Junggok has a main drag running above the station, in this case Neungdong-ro (능동로), where the bulk of businesses and chain stores are to be found; a couple of secondary roads on either side, here Myeonmok-ro (면목로) and Junggok-gil (중곡길), where you’ll find more shops and restaurants, most of these local, independent places; and, between and around these roads, neighborhoods of villa and red brick apartment buildings. There’s a hospital just outside the station, a couple schools dotted around, a Buddhist temple, and a neighborhood market. Everyone looks to be comfortably middle-class and the majority of the neighborhood’s residents are families. If that’s not a recipe for a campaign ad I don’t know what is. As a bonus, you can throw in some shots of nearby Yongma Mountain (용마산) for ambiance.

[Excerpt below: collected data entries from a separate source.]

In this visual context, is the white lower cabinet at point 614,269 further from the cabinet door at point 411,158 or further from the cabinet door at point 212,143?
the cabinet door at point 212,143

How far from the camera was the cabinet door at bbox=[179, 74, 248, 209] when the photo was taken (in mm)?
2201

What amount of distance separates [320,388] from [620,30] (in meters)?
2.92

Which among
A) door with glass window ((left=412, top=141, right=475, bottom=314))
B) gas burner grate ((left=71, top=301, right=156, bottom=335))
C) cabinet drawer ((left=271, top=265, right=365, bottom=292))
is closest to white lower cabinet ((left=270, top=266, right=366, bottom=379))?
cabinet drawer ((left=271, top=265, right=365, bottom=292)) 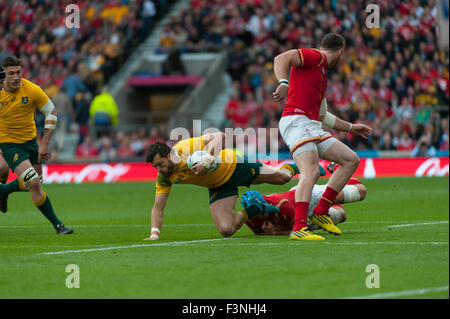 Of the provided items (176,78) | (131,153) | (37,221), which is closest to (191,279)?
(37,221)

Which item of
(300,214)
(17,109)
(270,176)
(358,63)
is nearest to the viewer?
(300,214)

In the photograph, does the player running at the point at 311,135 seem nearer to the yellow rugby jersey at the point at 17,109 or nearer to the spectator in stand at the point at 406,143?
the yellow rugby jersey at the point at 17,109

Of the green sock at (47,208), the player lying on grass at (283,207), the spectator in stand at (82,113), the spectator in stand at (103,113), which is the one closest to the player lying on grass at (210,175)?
the player lying on grass at (283,207)

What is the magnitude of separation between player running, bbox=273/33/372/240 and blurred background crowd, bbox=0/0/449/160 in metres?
14.4

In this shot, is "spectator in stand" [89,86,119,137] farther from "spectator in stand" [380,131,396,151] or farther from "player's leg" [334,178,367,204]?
"player's leg" [334,178,367,204]

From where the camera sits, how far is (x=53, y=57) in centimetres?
3359

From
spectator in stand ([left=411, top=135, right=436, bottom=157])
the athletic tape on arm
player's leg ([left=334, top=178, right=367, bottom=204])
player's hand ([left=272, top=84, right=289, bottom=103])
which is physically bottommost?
spectator in stand ([left=411, top=135, right=436, bottom=157])

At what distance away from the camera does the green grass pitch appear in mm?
6480

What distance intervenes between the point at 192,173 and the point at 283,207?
3.73ft

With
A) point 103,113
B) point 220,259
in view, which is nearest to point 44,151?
point 220,259

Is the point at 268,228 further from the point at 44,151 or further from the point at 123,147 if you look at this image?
the point at 123,147

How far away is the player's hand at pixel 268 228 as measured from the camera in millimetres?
10633

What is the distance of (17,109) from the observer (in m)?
12.0

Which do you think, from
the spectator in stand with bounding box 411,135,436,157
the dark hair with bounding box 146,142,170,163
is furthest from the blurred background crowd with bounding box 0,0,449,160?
the dark hair with bounding box 146,142,170,163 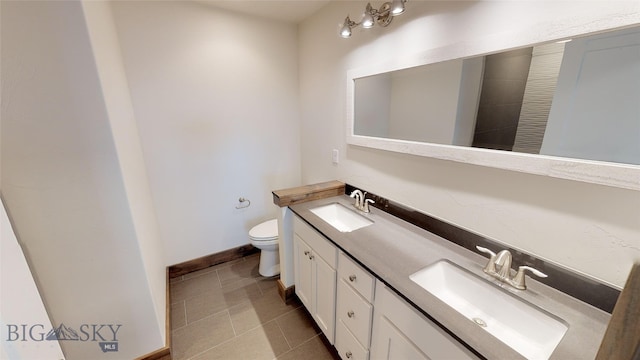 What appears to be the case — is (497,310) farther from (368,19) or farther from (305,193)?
(368,19)

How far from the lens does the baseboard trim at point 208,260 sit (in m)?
2.30

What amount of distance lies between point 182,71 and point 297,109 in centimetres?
110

Just below the mountain, in what counts as one of the neighborhood’s sole diversions, is Yongam Temple (용암사). I got there by taking a right out of Exit 1, walking up Neungdong-ro, hanging a sharp right on Junggok-gil, and then a left on Yongmasan-ro-28-gil (용마산로28길), though once on that street I noticed that it ran directly to Neungdong-ro. It was a steep but not long walk up to the temple, past some kids running around and people leaving their homes to do errands.
The entryway at the front of the temple doubled as a bell tower – below, the doors I passed through were painted with a pair of fierce door guardians, typical of Buddhist temples, one wielding a sword, the other brandishing a long pike, and on the platform above, a large iron bell hung from the intricately carved and painted roof.

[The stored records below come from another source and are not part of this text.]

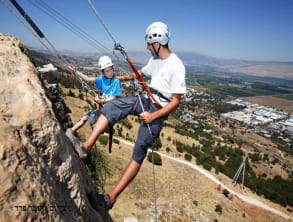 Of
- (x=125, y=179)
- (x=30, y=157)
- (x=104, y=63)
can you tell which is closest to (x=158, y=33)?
(x=104, y=63)

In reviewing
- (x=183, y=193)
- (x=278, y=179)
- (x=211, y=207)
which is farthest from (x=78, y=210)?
(x=278, y=179)

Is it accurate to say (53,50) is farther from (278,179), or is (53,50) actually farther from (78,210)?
(278,179)

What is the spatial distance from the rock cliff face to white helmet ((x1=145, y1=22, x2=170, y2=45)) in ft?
6.77

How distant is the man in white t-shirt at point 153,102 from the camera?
3.01 metres

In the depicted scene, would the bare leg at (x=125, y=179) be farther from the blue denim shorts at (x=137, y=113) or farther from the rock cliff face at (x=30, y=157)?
the rock cliff face at (x=30, y=157)

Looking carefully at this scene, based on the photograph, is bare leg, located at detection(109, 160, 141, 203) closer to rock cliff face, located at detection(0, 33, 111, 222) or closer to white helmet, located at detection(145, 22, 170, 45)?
rock cliff face, located at detection(0, 33, 111, 222)

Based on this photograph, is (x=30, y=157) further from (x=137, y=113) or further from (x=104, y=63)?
(x=104, y=63)

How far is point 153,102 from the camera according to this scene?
3211 mm

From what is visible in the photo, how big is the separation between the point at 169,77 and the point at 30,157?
7.77 feet

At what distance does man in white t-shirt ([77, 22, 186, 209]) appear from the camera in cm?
301

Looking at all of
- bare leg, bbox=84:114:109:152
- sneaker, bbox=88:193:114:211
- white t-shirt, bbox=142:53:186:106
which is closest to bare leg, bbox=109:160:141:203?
sneaker, bbox=88:193:114:211

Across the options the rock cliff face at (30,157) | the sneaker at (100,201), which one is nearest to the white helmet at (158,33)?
the rock cliff face at (30,157)

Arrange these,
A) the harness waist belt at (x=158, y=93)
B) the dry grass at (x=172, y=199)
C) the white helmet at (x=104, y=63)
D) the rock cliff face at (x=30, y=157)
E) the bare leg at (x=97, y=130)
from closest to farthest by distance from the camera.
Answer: the rock cliff face at (x=30, y=157) → the bare leg at (x=97, y=130) → the harness waist belt at (x=158, y=93) → the white helmet at (x=104, y=63) → the dry grass at (x=172, y=199)

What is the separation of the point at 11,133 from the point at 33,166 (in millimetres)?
406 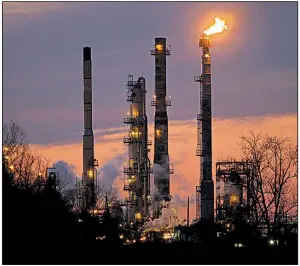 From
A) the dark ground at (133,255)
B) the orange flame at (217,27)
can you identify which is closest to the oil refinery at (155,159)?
the orange flame at (217,27)

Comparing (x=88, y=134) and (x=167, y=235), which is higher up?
(x=88, y=134)

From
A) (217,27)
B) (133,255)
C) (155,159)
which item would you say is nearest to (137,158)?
(155,159)

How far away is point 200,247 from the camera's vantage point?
1483 inches

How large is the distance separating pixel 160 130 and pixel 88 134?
15.7 ft

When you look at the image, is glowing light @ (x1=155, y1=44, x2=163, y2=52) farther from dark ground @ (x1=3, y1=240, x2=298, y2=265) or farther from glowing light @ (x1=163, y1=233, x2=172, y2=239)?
dark ground @ (x1=3, y1=240, x2=298, y2=265)

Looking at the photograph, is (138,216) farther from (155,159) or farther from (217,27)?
(217,27)

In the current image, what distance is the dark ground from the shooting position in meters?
31.1

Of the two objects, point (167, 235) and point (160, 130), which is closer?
point (167, 235)

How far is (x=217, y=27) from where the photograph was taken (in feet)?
235

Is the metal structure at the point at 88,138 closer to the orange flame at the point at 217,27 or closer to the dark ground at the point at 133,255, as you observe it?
the orange flame at the point at 217,27

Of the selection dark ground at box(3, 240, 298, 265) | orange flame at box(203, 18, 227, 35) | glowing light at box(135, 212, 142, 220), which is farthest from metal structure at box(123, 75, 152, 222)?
dark ground at box(3, 240, 298, 265)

The temple’s outer walls were covered with pictures illustrating scenes from the Buddha’s life, and in the courtyard were several new-looking statues. Behind the temple two large white banners had been unfurled across the rock face abutting the grounds. One horizontal and one vertical, they each bore a single stylized Chinese character painted in wide black brushstrokes.
Just to the left of the temple you’ll also find a small terraced park where there’s some exercise equipment and some paths that lead, I believe, to the Achasan Ridge (아차산능선).
Junggok Market (중곡제일시장) is a short walk from Exit 2, just down Neungdong-ro-47-gil (능동로47길). It’s almost identical in form and style to Myeonmok Market (면목시장) in nearby Yongmasan. Here too all of the usual neighborhood market stuffs were on offer, right down to the big bowls of red bean (팥죽) and pumpkin porridge (호박죽). The only real difference between the two is that this covered market, instead of being one long aisle, is shaped like a ㅑ. People were moving up and down the aisles, making last minute dinner purchases. Mothers pushed kids in strollers, and some shoppers had brought their dogs along to give them a walk, including one, I swear, that had been fitted with a glass eye.
Yongam Temple (용암사)
Right out of exit, right on Yongmasan-ro-28-gil (용마산로28길)
Junggok Market (중곡제일시장)
Right on Neungdong-ro-47-gil (능동로47길)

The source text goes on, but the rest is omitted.